> [YOUR ASSIGNMENT] Output all the data exactly. Pictures do not belong in the copy.
= Beginning of Section =
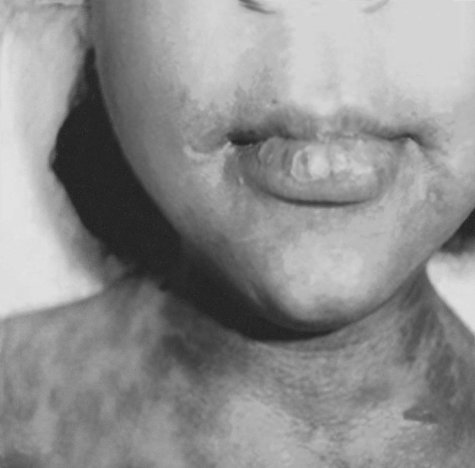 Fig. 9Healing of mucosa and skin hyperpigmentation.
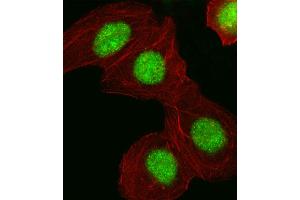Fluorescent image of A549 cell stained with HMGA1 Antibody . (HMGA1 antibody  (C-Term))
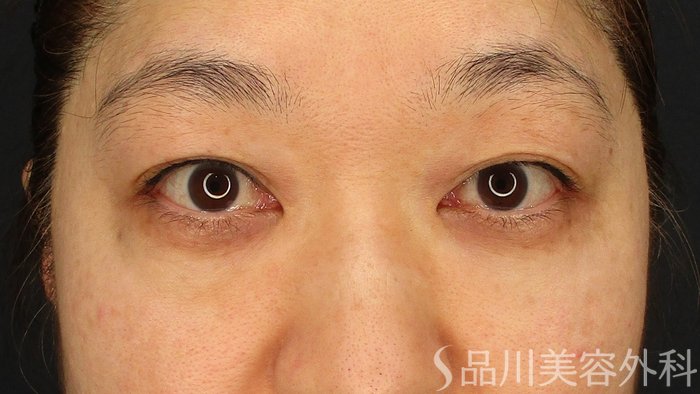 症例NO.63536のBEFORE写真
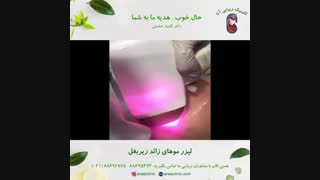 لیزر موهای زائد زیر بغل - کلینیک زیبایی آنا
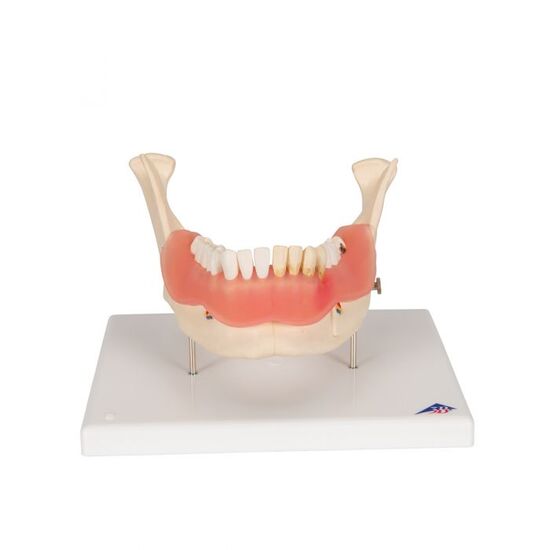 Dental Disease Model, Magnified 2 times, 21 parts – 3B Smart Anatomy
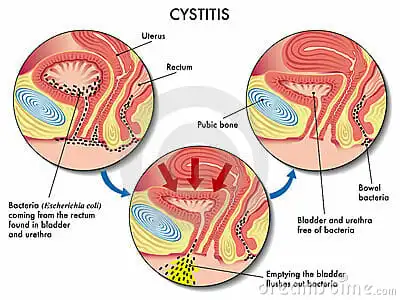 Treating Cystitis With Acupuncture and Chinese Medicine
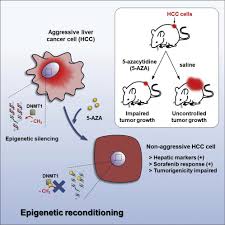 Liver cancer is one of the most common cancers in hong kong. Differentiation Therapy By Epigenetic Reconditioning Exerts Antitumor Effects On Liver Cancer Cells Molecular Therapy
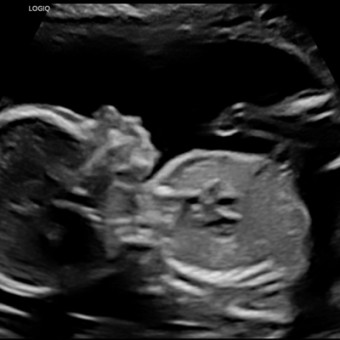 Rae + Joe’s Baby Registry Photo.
= End of Section =
> [EXERCISE RESULT]
 Fig. 9Healing of mucosa and skin hyperpigmentation.
Fluorescent image of A549 cell stained with HMGA1 Antibody . (HMGA1 antibody  (C-Term))
 症例NO.63536のBEFORE写真
 لیزر موهای زائد زیر بغل - کلینیک زیبایی آنا
 Dental Disease Model, Magnified 2 times, 21 parts – 3B Smart Anatomy
 Treating Cystitis With Acupuncture and Chinese Medicine
 Liver cancer is one of the most common cancers in hong kong. Differentiation Therapy By Epigenetic Reconditioning Exerts Antitumor Effects On Liver Cancer Cells Molecular Therapy
 Rae + Joe’s Baby Registry Photo.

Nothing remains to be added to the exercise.